As was predicted by POAM, the litigation which ensued between the Wayne County Prosecutor and Garden City resulted in the prosecutor prevailing, with the court's declaration that release of the statement to the prosecutor is permissible under law and in no way diminishes the basic Garrity right that the statement cannot be used against the officer in a criminal proceeding. Unfortunately, as POAM further predicted, by placing an issue before the court, (which was clear-cut in application prior to placing it before the court) created the risk of the court issuing a ruling which could confuse Garrity rights. Such an occurrence has come to pass as the court, without analysis, made reference to Garrity being a self-executing or self-attaching right, which is in direct conflict with the law in Michigan and in the Federal Sixth Circuit which governs our area. That conclusion is also in direct opposition to a Federal Court decision which POAM fought for and won, setting forth the procedure for application of Garrity rights. The danger of the "self-executing" concept is that the employer will claim (incorrectly) that employees cannot assert Garrity on a report because it is already applicable. While that sounds good in concept, the result is that officers will possibly have to fight in court to prove Garrity was asserted to protect statements from admission into the record.

POAM's federal court consent judgment can also be reviewed in this web site. This victory for POAM reflects the leadership role POAM has taken in Garrity rights assertion cases on behalf of members. While other unions talk about Garrity rights and offer self-serving opinions which are not substantiated by law, and thereby do damage to Garrity's application, POAM has been in the trenches fighting in court to preserve Garrity protections and to establish a recognized procedure to maximize member rights. Further evidence of POAM's aggressive leadership role in Garrity related matters is reflected in recent correspondence to the Wayne County Prosecuting Attorney, wherein POAM made clear its intent to fight any action by the prosecutor diminishing Garrity rights. This letter can also be reviewed in this web site.
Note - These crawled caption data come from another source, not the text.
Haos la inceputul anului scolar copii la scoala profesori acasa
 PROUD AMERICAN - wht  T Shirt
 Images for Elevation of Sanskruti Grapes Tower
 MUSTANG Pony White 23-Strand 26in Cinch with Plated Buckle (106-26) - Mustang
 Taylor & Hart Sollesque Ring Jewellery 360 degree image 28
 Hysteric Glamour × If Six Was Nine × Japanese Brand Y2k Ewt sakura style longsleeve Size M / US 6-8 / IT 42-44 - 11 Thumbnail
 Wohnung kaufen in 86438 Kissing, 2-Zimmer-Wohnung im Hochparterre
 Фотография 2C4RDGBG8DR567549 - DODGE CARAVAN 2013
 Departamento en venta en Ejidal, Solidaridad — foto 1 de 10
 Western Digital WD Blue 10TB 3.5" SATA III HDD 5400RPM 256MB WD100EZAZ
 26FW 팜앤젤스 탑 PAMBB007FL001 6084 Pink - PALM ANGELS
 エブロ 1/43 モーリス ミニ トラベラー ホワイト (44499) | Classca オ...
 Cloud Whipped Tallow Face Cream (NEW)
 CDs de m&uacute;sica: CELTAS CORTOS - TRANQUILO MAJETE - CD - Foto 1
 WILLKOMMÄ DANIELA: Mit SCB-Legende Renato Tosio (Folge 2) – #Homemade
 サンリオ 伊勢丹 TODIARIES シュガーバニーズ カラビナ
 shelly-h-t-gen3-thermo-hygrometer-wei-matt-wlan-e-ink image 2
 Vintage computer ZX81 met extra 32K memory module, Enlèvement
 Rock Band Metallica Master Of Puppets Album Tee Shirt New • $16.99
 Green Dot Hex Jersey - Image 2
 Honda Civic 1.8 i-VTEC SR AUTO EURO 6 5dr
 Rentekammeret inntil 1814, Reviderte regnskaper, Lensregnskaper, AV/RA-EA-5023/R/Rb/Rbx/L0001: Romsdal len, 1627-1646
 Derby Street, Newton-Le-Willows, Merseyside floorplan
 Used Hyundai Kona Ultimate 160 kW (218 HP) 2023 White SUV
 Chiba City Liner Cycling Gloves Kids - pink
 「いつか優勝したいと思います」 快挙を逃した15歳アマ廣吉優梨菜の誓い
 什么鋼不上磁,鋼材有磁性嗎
It is unfortunate that some individuals and organizations are motivated by self-interest to the point of misstating facts concerning not only the quality of POAM's representation, but also fundamental application of the Garrity protection. But, it is a far more serious consequence if such individuals/organizations actually believe they are correct as to Garrity's application. It should speak volumes as to the quality of potential representation from any organization which is ignorant of fact and law, in a matter of such critical concern to the law enforcement community.